The set up is fairly simple: Nazir is in his early 20s, in college, tutors basketball players on the side, lives at home, and seems like a good, but somewhat awkward, kid from Queens. One night, Naz gets invited to a party in Manhattan, but gets stood up by a friend before he’s set to go. So he takes his dad’s taxi (without telling him), gets lost in Manhattan, and ends up with a young woman (Andrea, played by Sophia Black D’Elia) in the back seat of his cab. Through the course of the evening, Naz (who is, on the surface, fairly clean cut) ends up drinking with Andrea (he doesn’t drink), taking drugs with her (he doesn’t take drugs) and having sex with her in her house (he’s only had sex one other time).
Post-coital, Naz wakes up in Andrea’s kitchen, and is a bit bleary-eyed from his drug and alcohol fueled tryst with Andrea. He walks upstairs to her bedroom to say goodbye, only to find her dead with multiple stab wounds. In a panic, he runs out of the house to his cab, only to realize that he doesn’t have his keys. So, he breaks a window on Andrea’s front door, cuts his hand in the process, grabs his keys and a knife that (presumably) was used to kill her, and flees the scene of the crime. After a wrong turn in his cab, Naz is pulled over by police, and through a series of unfortunate events, he becomes the prime suspect in the murder.
The Night Of is so compelling because the set-up is so strong, and the characters are drawn so well, that it’s very difficult not to get hooked. And as it is with procedurals where the police and lawyers dig into the lives of people, the more we as viewers know about the principle players, the more we are aware that all is not what it seems.
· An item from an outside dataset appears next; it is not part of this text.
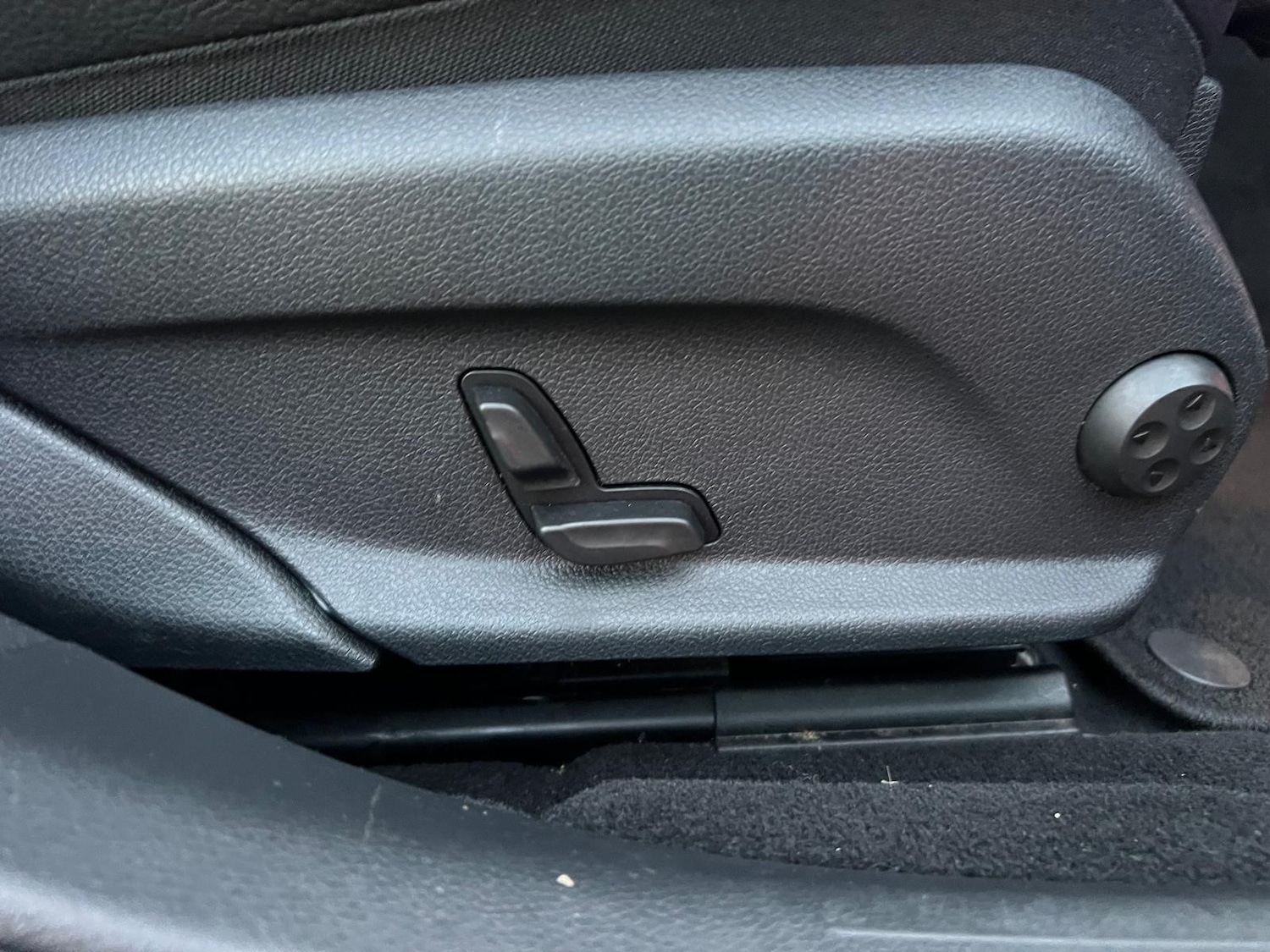 Used Mercedes-Benz E Class for sale - 76997571: Photo 32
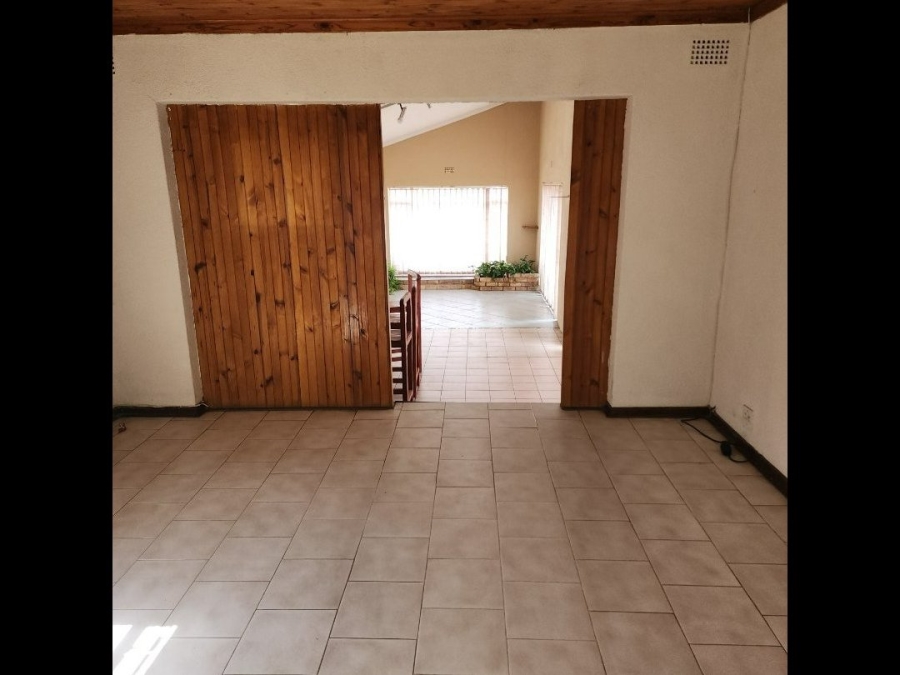 To Let 4 Bedroom Property for Rent in Terenure Gauteng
Good kids aren’t always so good, bad people aren’t always outwardly bad, and the criminal justice system is rife with apathy and laziness that corrupts the system in subtle and not-so-subtle ways. Moreover, there’s an all-enveloping milieu of claustrophobia that keeps the tension level high in episode after episode. Credit the cinematography of Igor Martinovic and Robert Elswit and Steven Zaillian’s direction. Of course, without a stellar cast, The Night Of could have been a ho-hum affair.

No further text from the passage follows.